At first Jeff is looking a little apprehensive...

However Joan showed her competence and in no time Jeff was back to smiling.

Here Jeff gets to admire the awesome job-
And the proud barber beams in the back ground- pretty cool Joan!

July 8th, 2013
Joan and I had dental appointmets in Medford and we also made an appointment to meet a classic car appraiser for the Isetta we have for sale, so... We hauled up our anchor and headed from Port Orford to Medford on Monday the 8th of July.
Our trip down the coast towards Crescent City was fabulous.  We have a theory, and it has always played out this way- the day we decide to leave the coast is usually a beautiful sunny, and mostly windless gorgeous day.

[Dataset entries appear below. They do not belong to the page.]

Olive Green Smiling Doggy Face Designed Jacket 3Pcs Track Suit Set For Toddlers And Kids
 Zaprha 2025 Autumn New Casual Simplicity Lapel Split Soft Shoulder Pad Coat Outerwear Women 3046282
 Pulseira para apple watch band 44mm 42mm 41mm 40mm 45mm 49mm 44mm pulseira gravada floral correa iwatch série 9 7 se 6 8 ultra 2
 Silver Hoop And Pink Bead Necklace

Last week, my good friend Mark Salter  rode his motorcycle up to Port Orford to see the new house and chat for a while.  Mark is vacationing in his favorite spot- Brookings, this week.
Since Joan and I needed to head back over to Medford for appointments,  we stopped in at Brookings to see what Mark was up to.  Mark gave us some fresh cooked crab!  What a great lunch!
Joan who eschews most seafood, and especially crab and shrimp- had some mac and cheese.

Before showing the Isetta to the appraiser Jeff wanted to give it a very thorough going-over.
Mark and I bled the brakes just before we took it out to the Medford Cruise, on June 16th, and I felt at that time that the brakes could use some adjusting.  Therefore tonight,  we pulled it out of the garage and did the adjustments- it made for a late evening.

July 9th, 2013

Jeff's 8 o'clock dental cleaning went well, and we met Bill Cobb from American Appraisial Network at 11 to get the car appraised.  Bill thinks that the car is worth more than we are asking for it in our Craig's List ad, so we are going to pull the ad tonight.  The full report won't be complete until Friday at the earliest, we'll let you know the results.
Jeff loaded up on fishing gear at Wal-Mart today while Joan was getting our prescriptions filled- what a sneak!
Our US Cellular contract is up this month, so we looked at getting a plan for the iPhone we own.   ATT wants $80 bucks a month!  Yikes!  The salesperson told us to look into Straight Talk Wireless plans for ATT iPhones like ours.  Still pricy at $42  a month, but it may be worth more consideration.  Anybody that has tried it- let us know how it worked out for you.